Thirdly: In this context, the dowry is considered one of these obstacles. The higher it reaches the more our children will feel the weight of the heavy burden they have to endure to save it. Therefore, we believe that although it is probably an essential and decisive requirement for marriage, it certainly would be an indication of tolerance and facilitation to lessen it, for it would relieve those who are seeking marriage from a heavy burden and would consequently allow them to make use of the money they have saved to address other demands.

A Study of the Dowry Issue

Therefore, we have to study the issue of dowry profoundly with respect to the following aspects;

Firstly: Islam had urged Muslims to keep the dowry at a minimal level. For as an indication of the woman's wealth, a woman who demands a small dowry would be demonstrating her contentment, nobility and disinterest in worldly wealth. It also proves that she is of the kind that is aware of the true value of marriage and its basic fundamental values, as well as her desire to ease up things and make do with what is available. All these are commendable traits that are desired in a good wife. That is why it has been related by our sacred tradition: "The best wives among you are those who ask for the least dowry".

Secondly: We notice that there are many women who do not wish to accept the dowry and they have based their position on the following two considerations:

A: Some women feel that they trust their would be husband in such a way that it makes no difference whether there is a dowry or not. Such a view is noble but nonetheless unrealistic. For although the dowry does not constitute the only guarantee for the future happiness of the woman in her married life, it is in fact very important for her future. Moreover if the women trusts her husband  to be now, his emotions might change in the future. The love might lose its warmth, and even his behaviour towards her might change. In addition, the problems of raising their kids and providing for them, as well as what one might face at work may aggravate these problems and threaten the stability of their marriage.

We should not, therefore, underestimate the importance of the dowry due to such optimism that leaves no room for any wise caution.

B: Some women consider the dowry a means of buying the woman, having been subjected to the influence of some of the liberal ideas that invade our culture. Such a view has led a group of people to call for the abandonment of the dowry being one of the manifestations of demeaning the woman's pride and dignity. In fact such an attitude is essentially a psycholgical decision that would be manifested in a certain act, and therefore it could not possibly be what Allah the Just and the Merciful has intended it to be.

Rather, it is due to the fact that a woman for the most part of her life is unable to provide for herself. She leaves her parents' home without having any money that she could resort to either in emergencies, or when she feels she wants to buy something for herself. She might even find that she does not get along with her husband and wishes to divorce him and lead a life on her own. In this situation she would obviously need a certain sum of money to start with. That is how the dowry would act as a guarantee that would enable the women to get on with their lives. even after they have been divorced.

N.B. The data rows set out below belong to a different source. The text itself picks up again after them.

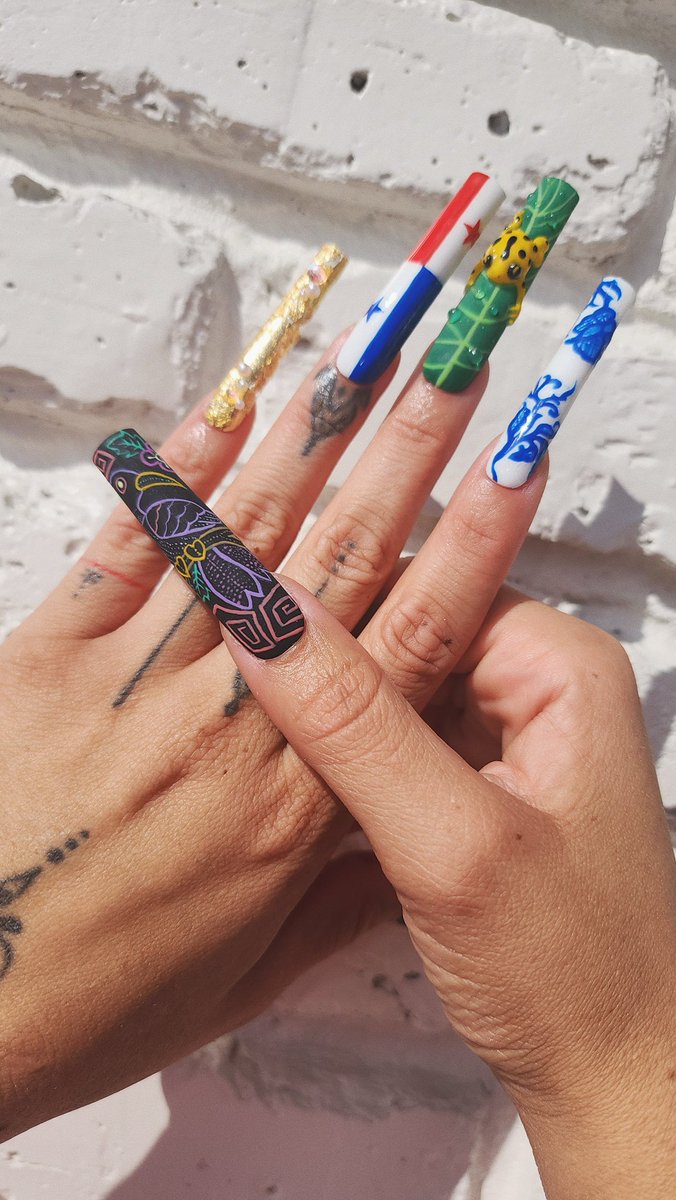 beige___loaf's tweet photo. just want to share my project for nail school with my twitter friends 🇵🇦✨ https://t.co/XflKovW6Ru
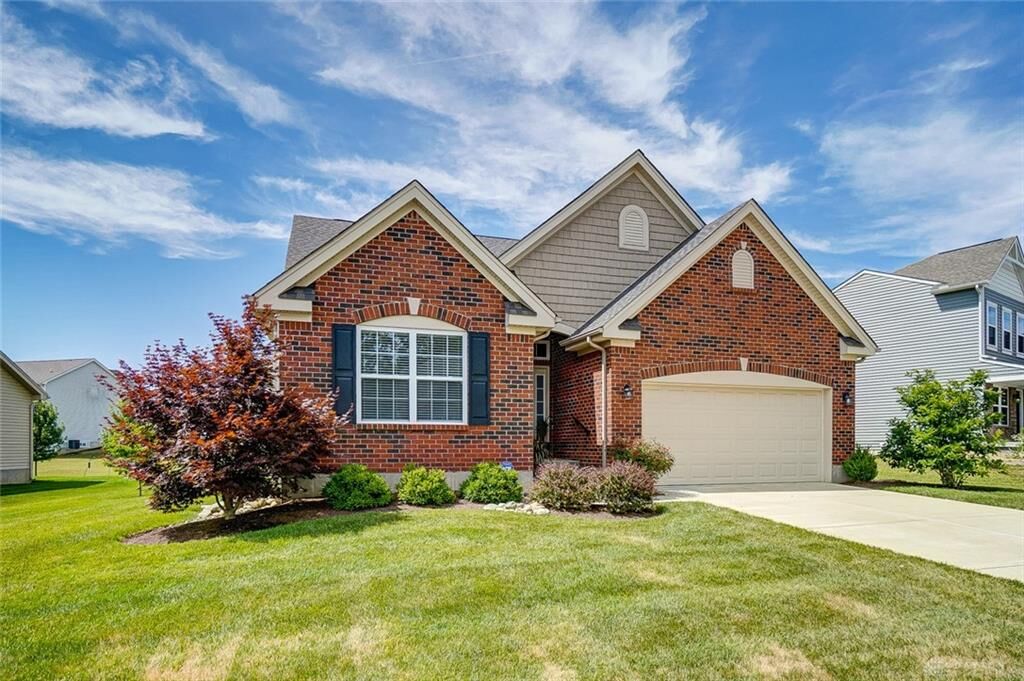 Property Photo: 1451 Indigo Drive OH 45324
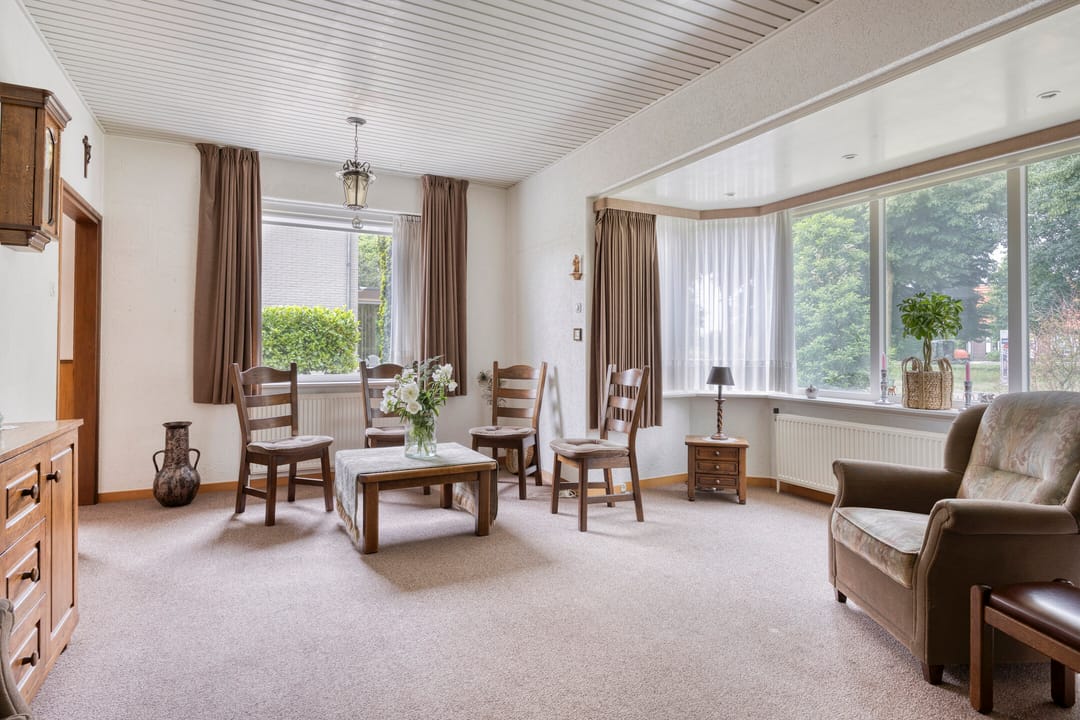 Foto 13 van Burgemeester Lewe van Aduardplein 1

For this reason Islam has underlined the importance of paying women their dowries and not deny them their rights in this respect:

"Do not take form her the dowry you have given her even if it be a talent of gold. That would be improper and grossly unjust" [AI-Nissa-20].

The women is about to go through an adventure in which the dowry is the only means that could help her face its dangers. So do not underestimate the importance of the dowry and leave the women to their fate.

On the other hand, true feelings are not separated from the tendency of giving. Kings and ordinary people alike have exchanged gifts as a means of expressing brotherhood, friendship, gratitude, love... e.t.c. It seems that the husband who feels happy and grateful when a woman accepts to share his life, wishes to express his gratitude by paying her a dowry. This also happens during the couples' marriage, when a man would offer his wife a house, a piece of jewelry, or a piece of land, as an expression of his appreciation for her devotion and as a reward for all the effort she made in providing comfort for him and his children, especially when we know that Islam does not oblige the women to serve their husbands and raise their children.

In conclusion, we say that although the dowry is an expression of appreciation of the woman a man has chosen, it should not become a hamper that would prevent our sons and daughters from holding to their chastity in a world full of sins. We should all adopt a realistic view regarding this issue that would be befitting for our future in accordance with Allah's Will Who wants our society to remain an unadultered, pure and clean one.